# TASK DIRECTIONS:
Skip the pictures. Return exactly the lines from the one containing "2016 Chevrolet Suburban LT" through the end of the entries below.
======
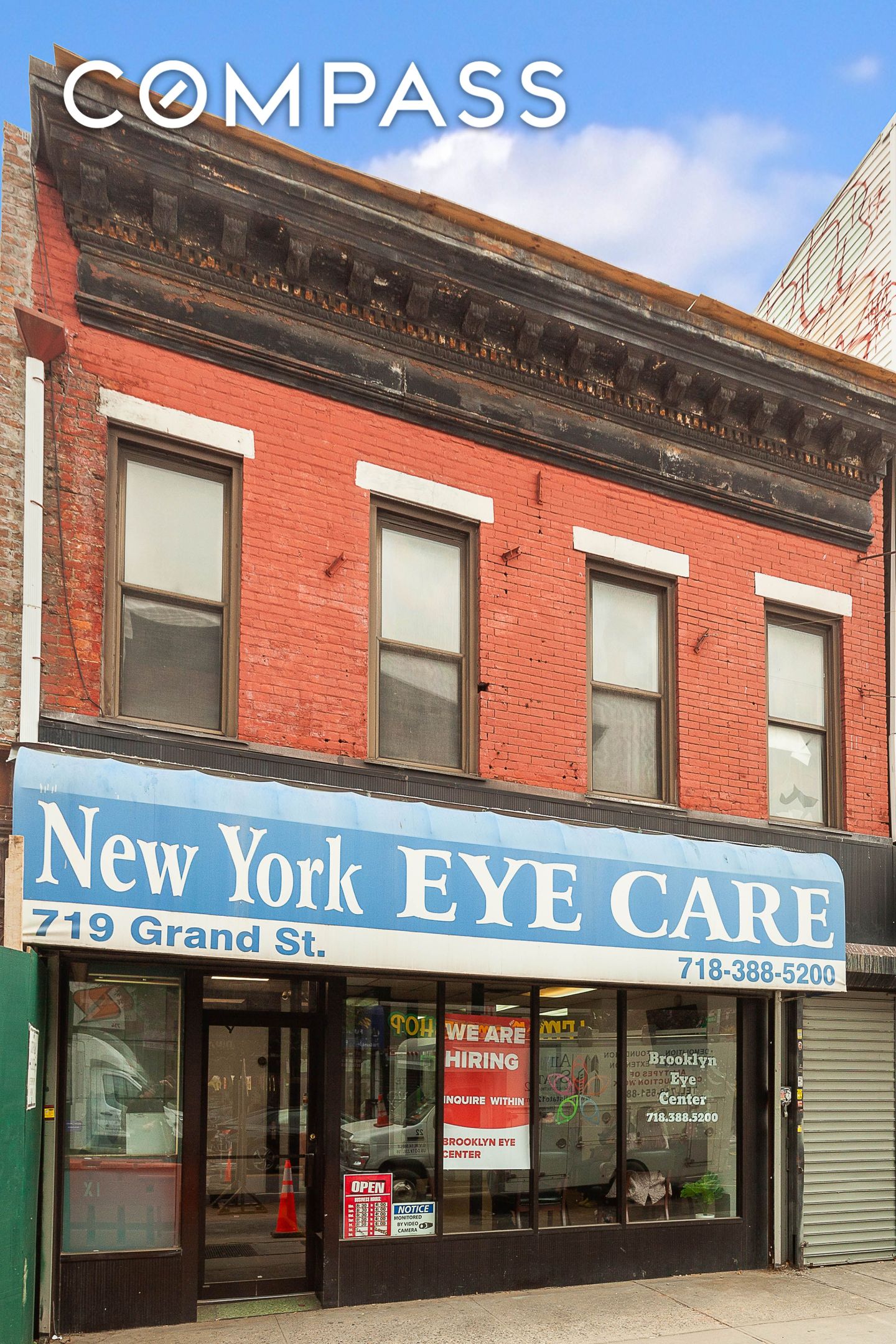 #1 photo, 719 Grand Street, 布鲁克林 威廉斯堡 Williamsburg , NY 11211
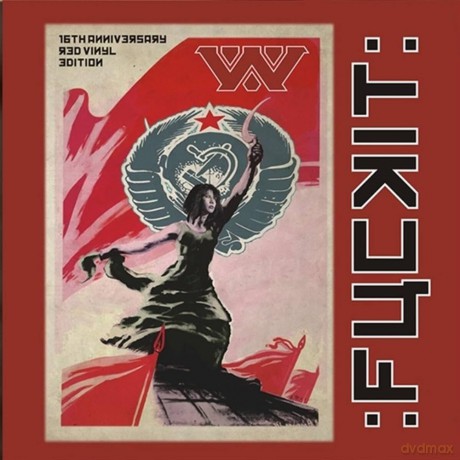 Wumpscut: Fu--It (Red) [Winyl]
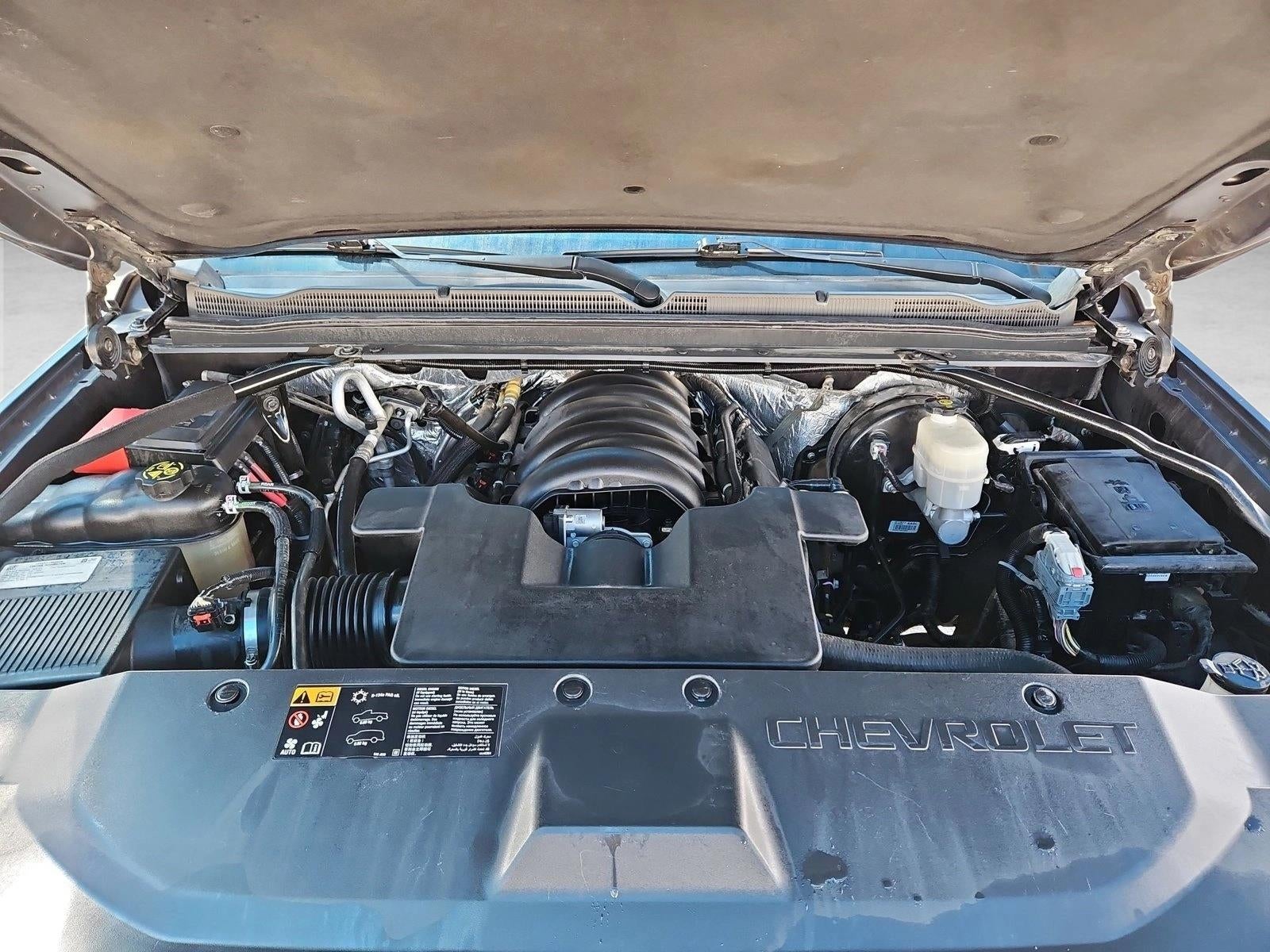 2016 Chevrolet Suburban LT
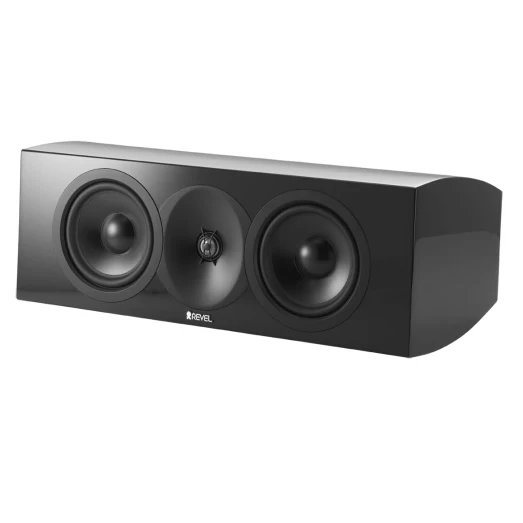 Revel C25-BLK C25 Center Channel Speaker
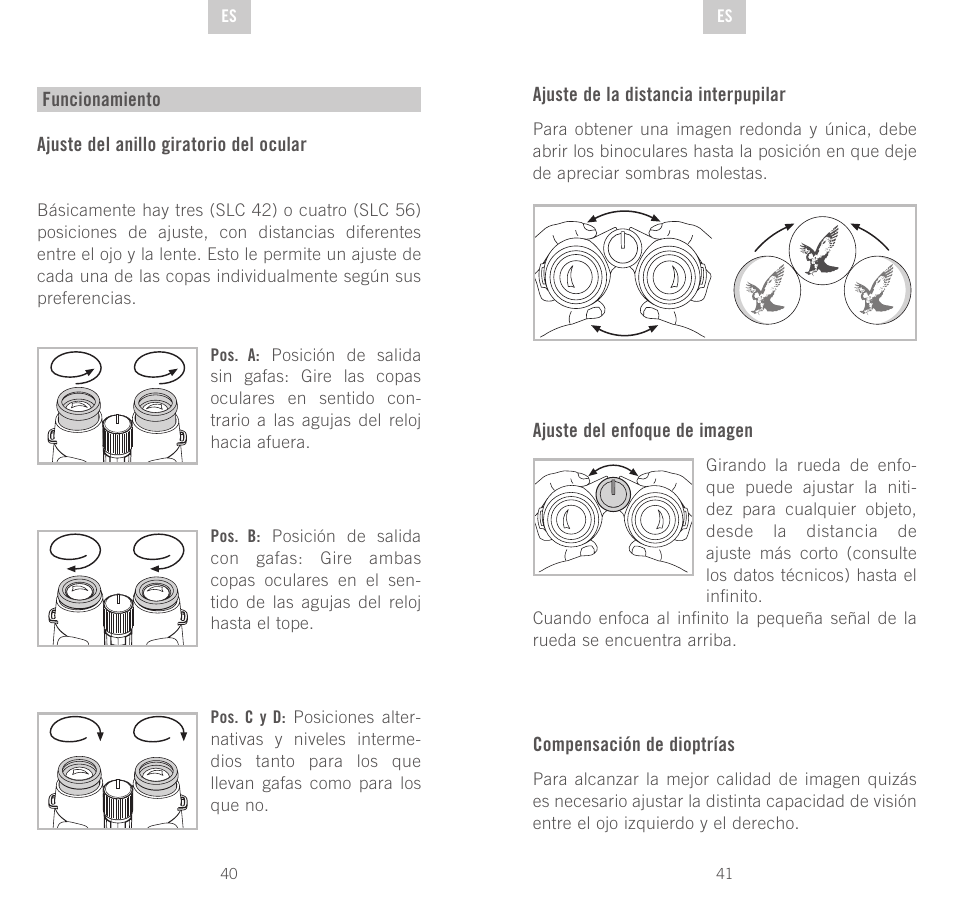 Swarovski Optik SLC 56 User Manual | Page 21 / 51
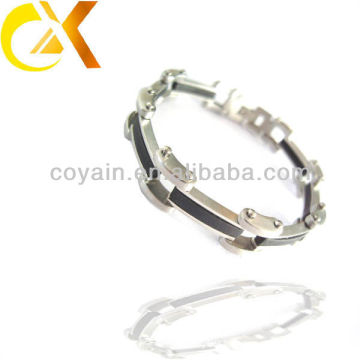 New Fashion Stainless Steel Jewelry bracelet for men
======
# ANSWER BOX:
 2016 Chevrolet Suburban LT
 Revel C25-BLK C25 Center Channel Speaker
 Swarovski Optik SLC 56 User Manual | Page 21 / 51
 New Fashion Stainless Steel Jewelry bracelet for men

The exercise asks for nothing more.